I love snow. I didn't experience it a lot growing up in the south, so every winter since getting to Michigan, I've been reveling in the soft, white powder.

But now that it's that time again, it will mean that my trips with Max will become less frequent. No matter how much I enjoy looking at snow, I have no intention of getting caught in a snowstorm on horseback.

Call it southern paranoia, but I have this irrational fear of Max and me buried knee-deep in snow in the middle of nowhere and just freezing to death.

But we should be good today. There's a sheer layer of clouds, so any snowfall should be light. I've bundled up in a few extra layers to make up for the change in temperatures.

After saddling Max, I tow him out of the stable, intending to take the route that begins at the paddock. There's a stump from a cut-down tree that I usually use to mount. Max is trotting along behind me, his breath coming out in white puffs, when we round the corner and I notice the figure sitting on the stump I was heading for.

For a second, I get annoyed, thinking it's one of the other owners or a ranch hand - I'm so used to being alone on Saturday mornings that the idea of interaction with someone, even just for small talk, exhausts me.

But when I get a few steps closer, I freeze, Max bumping into me from behind because of my abrupt stop.

The figure is easy to recognize.

He hasn't changed in the week since I saw him last.

He's in a warm jacket, his legs bouncing a bit, probably to keep up circulation, and when his eyes connect to mine, a nervous smile spreads over his face.

He looks like a model shooting for a winter catalog.

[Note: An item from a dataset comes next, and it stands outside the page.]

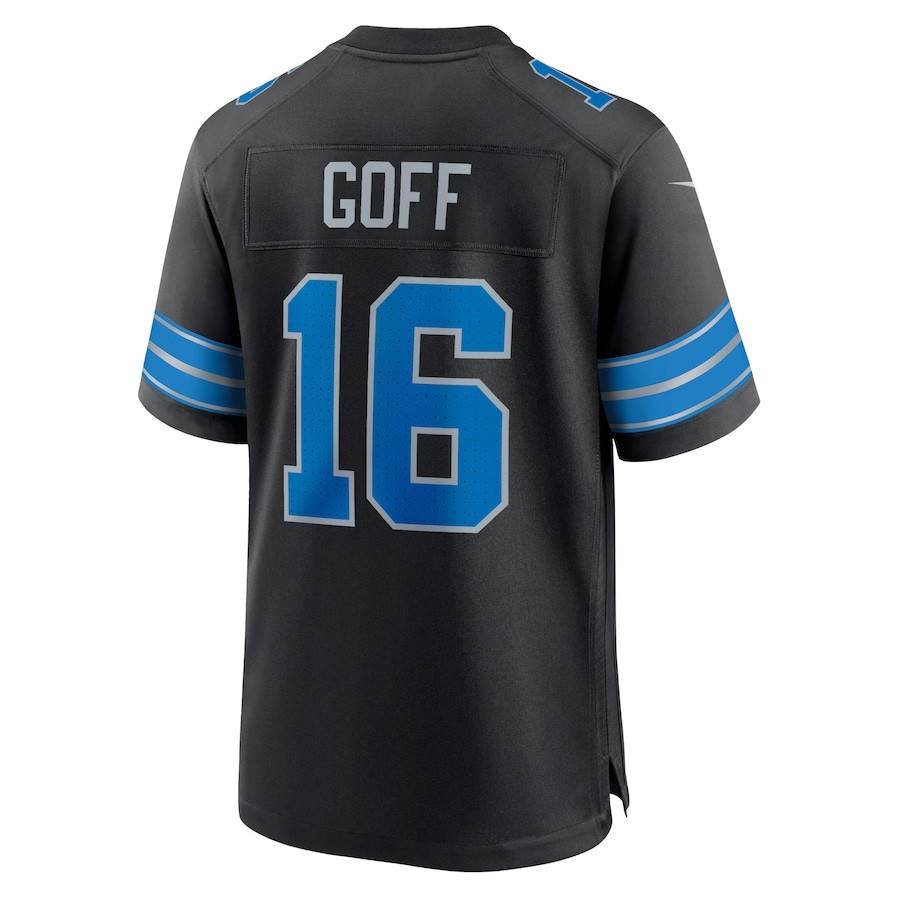 Jared Goff 16 Detroit Lions 2nd Alternate Game Black, Men NFL Jersey Men's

It's kind of heartbreaking.

I suppose I shouldn't be too surprised that he would show up here. He's been calling and texting non-stop for the last week, and I'd listened from the top of the stairs as he'd talked to Jen that day. But I couldn't make myself go down and speak to him. My legs wouldn't move, locked in the fear that it would be a rejection.

I'm not sure I can handle that.

Now it seems I won't get a choice.

I think part of me had expected him to respect the sanctum of this place. After everything, I expected him to know that this is my safe place and that having my heart broken here will infiltrate the peace, taint it with pain and hurt.

He might just make me hate my favorite place on the planet.

Finally, I force my muscles to cooperate and close the distance between us.